Это было непристойно.
Николя подбежал к матери и спросил, может ли он поцеловать сестричку.
– Да, мой дорогой, только осторожно, не навреди ей, она очень хрупкая.
Папа и дедушка с бабушкой с восторгом наблюдали эту сцену. Никто не обратил внимания, что Диана стоит в сторонке, застыв и не в силах даже моргнуть. Загипнотизированная зрелищем, она обратилась к той, ради которой отдала бы все на свете:
«Мама, я все принимала, я всегда была на твоей стороне, я оправдывала тебя, даже когда ты бывала очень несправедлива, я переносила твою ревность, потому что понимала, что ты ждала от жизни большего, я терпела, что ты злилась, стоило кому-то похвалить меня, и заставляла расплачиваться за это, я смирилась с тем, что ты проявляешь нежность к брату, хотя мне никогда не доставалось ни крошки, но то, что ты делаешь сейчас прямо у меня на глазах, – это плохо. Единственный раз ты любила меня, и я узнала, что лучше этого нет ничего в мире. Я думала, что тебе мешает проявлять свою любовь ко мне то, что я девочка. Но сейчас ты одаряешь самой глубокой любовью, какую никогда не выказывала ко мне, существо, которое тоже девочка. Мой мир, каким я его себе представляла, рухнул. И я вижу, что ты меня просто не любишь, или любишь так мало, что даже не даешь себе труда скрыть, какую безумную страсть ты испытываешь к этому младенцу. Правда в том, что одного тебе не хватает, мама, – такта».

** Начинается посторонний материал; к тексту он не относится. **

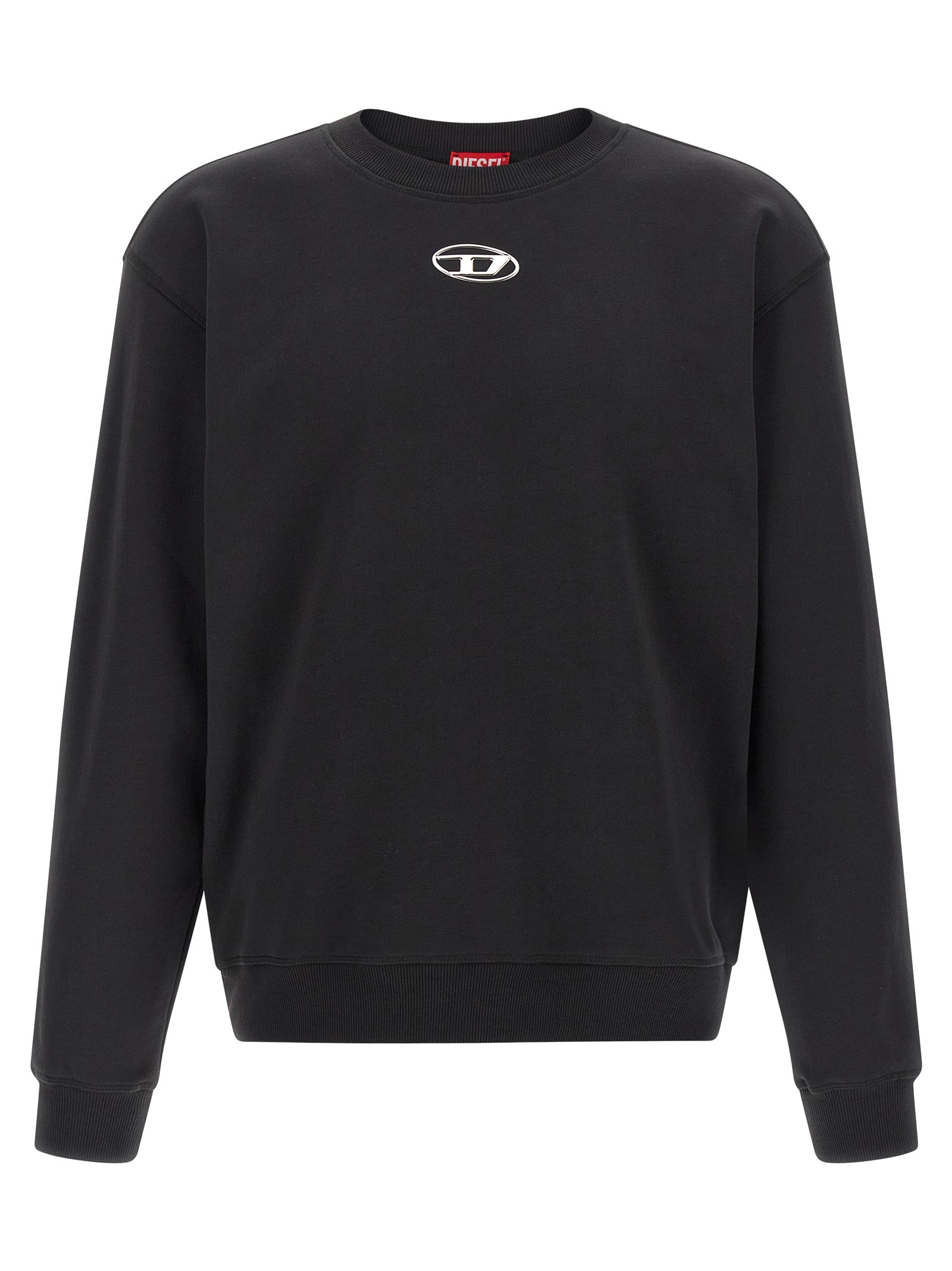 Sweatshirt by Diesel for men in cotton black features an magnificent silhouette, showcasing a sophisticated crew neckline and detail for a truly magnificent finish.
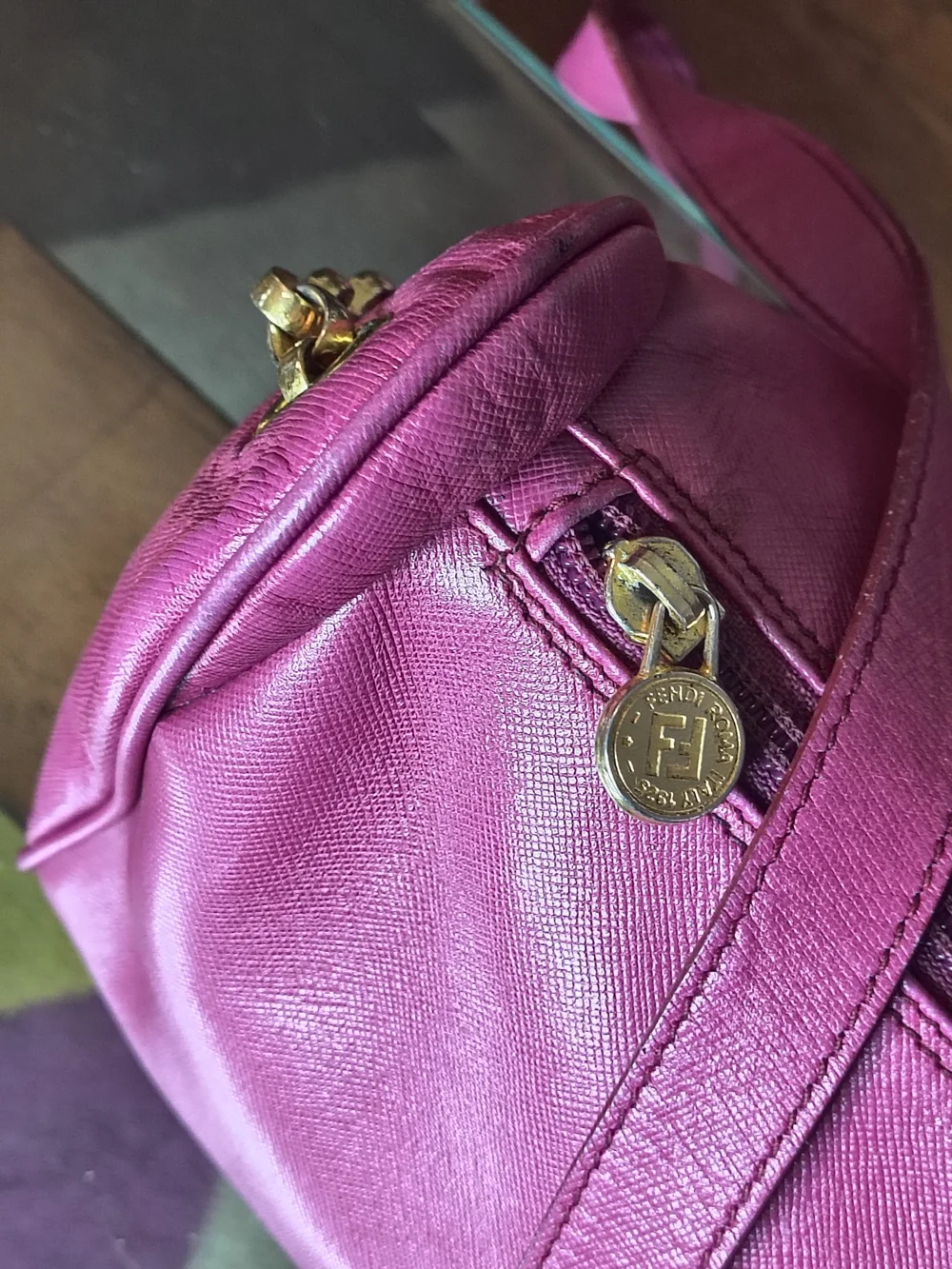 Authentic Vintage Pink Fendi Leather Shoulder Bag With Gold Hardware - Medium Sz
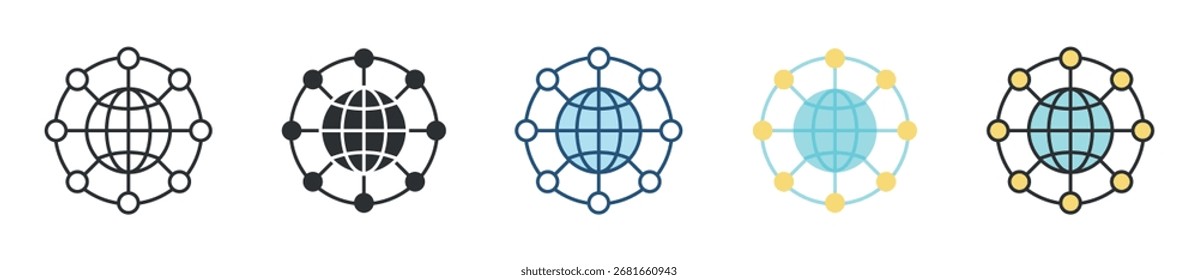 Ícone de rede define coleção de vários estilos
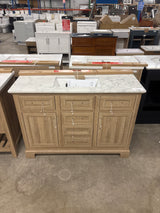 Doveton 48 in. W x 19 in. D x 34.50 in. H Freestanding Vanity in Weathered Tan with White Engineered Stone Top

В это мгновение Диана перестала быть ребенком. Однако она не стала ни взрослой, ни подростком: ей было пять лет. Она превратилась в разочарованное создание, упорно пытающееся не дать поглотить себя той пропасти, которую эта ситуация сотворила в ее душе.

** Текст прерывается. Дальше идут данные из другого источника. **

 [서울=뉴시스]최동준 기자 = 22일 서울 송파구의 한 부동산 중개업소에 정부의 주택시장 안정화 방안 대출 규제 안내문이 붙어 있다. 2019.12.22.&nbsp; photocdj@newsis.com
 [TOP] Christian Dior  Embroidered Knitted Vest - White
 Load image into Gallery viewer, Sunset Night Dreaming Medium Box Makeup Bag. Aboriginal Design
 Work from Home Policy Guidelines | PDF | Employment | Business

«Мама, я старалась понять твою ревность, а в благодарность ты распахиваешь передо мной пропасть, в которую упала сама, словно пытаешься и меня увлечь за собой, но у тебя не получится, мама, я отказываюсь становиться такой, как ты, и могу тебе сказать, что, даже просто почувствовав зов пустоты, я испытываю такую боль, что могла бы заорать, это как ожог, мама, я понимаю твои мучения, но не могу понять, почему я так мало для тебя значу, на самом деле ты и не стремишься разделить со мной свою боль, тебе просто безразлично, что я страдаю, ты этого не видишь, тебе и дела нет, вот что самое ужасное».

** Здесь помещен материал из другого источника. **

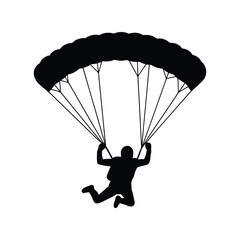 Silhouette of a skydiver descending with open parachute isolated on white background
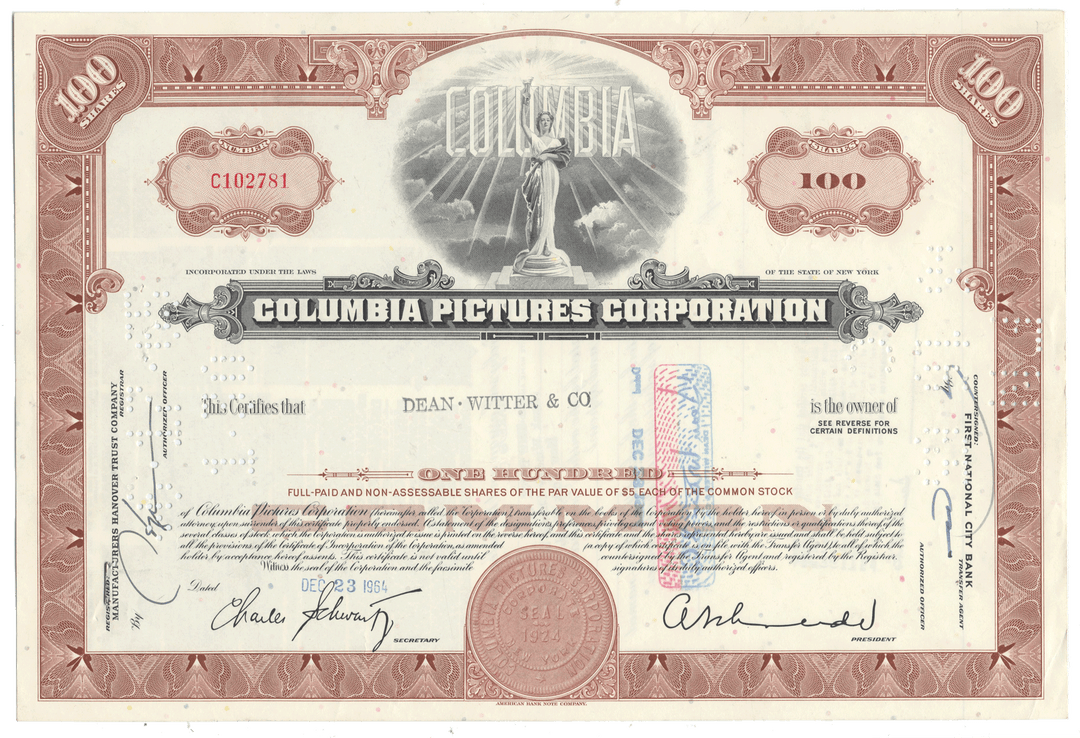 Columbia Pictures Corporation stock certificate with decorative elements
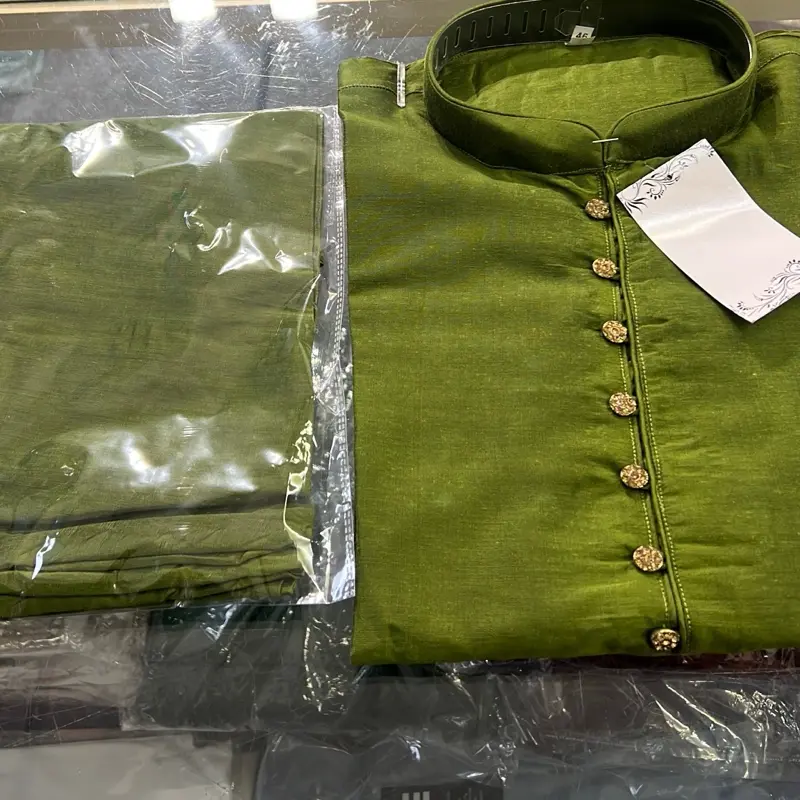 Men's Green Art Silk Kurta for Fashionable Muslim Gentlemen 1
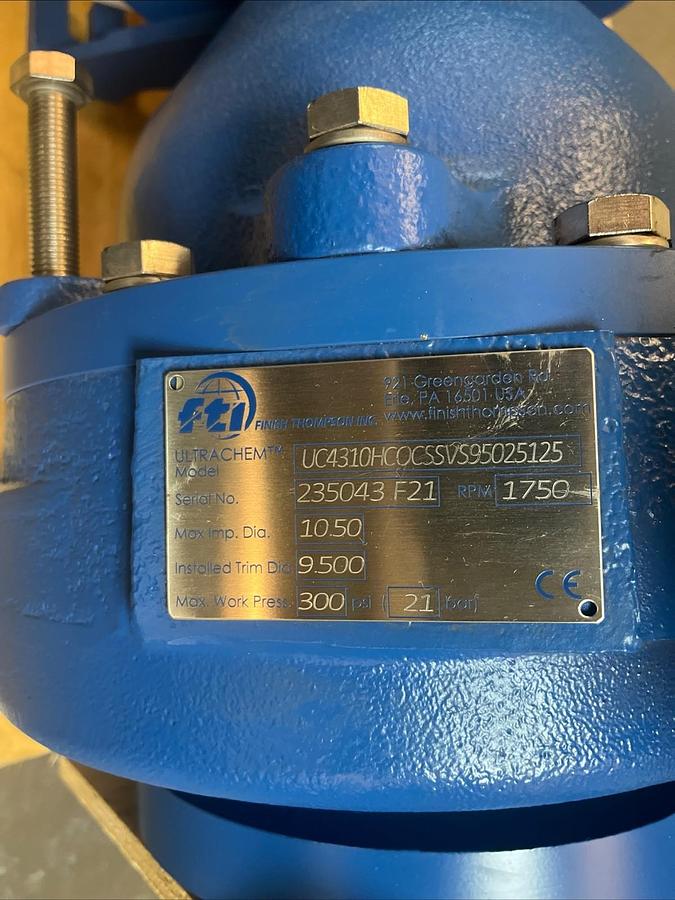 FTI,UC4310,ULTRACHEM 4"X3X10 SEALLESS PLASTIC LINED MAGNETIC CHEMICAL PUMP 20HP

Но следовало вести себя прилично и не привлекать внимания: Диана поцеловала Селию так нежно, как только могла, и никто не заметил, что ее детство умерло.
Лето превратилось в настоящий ад. Школа не могла послужить ей хоть каким-то отвлечением. Ежедневно приходилось заново переживать эту мерзость – мама выходила к завтраку, сюсюкая с Селией, которую практически не спускала с рук, – и ежеминутно бороться с зовом бездны в груди, стараясь не возненавидеть младенца, не виноватого в разгуле материнских чувств, и даже подыскивая ему оправдания – где гарантия, что на месте этого младенца она не вела бы себя так же; она старалась не возненавидеть и маму, которая предавалась излишествам без всякого стеснения перед близкими – все то же беспощадное отсутствие такта.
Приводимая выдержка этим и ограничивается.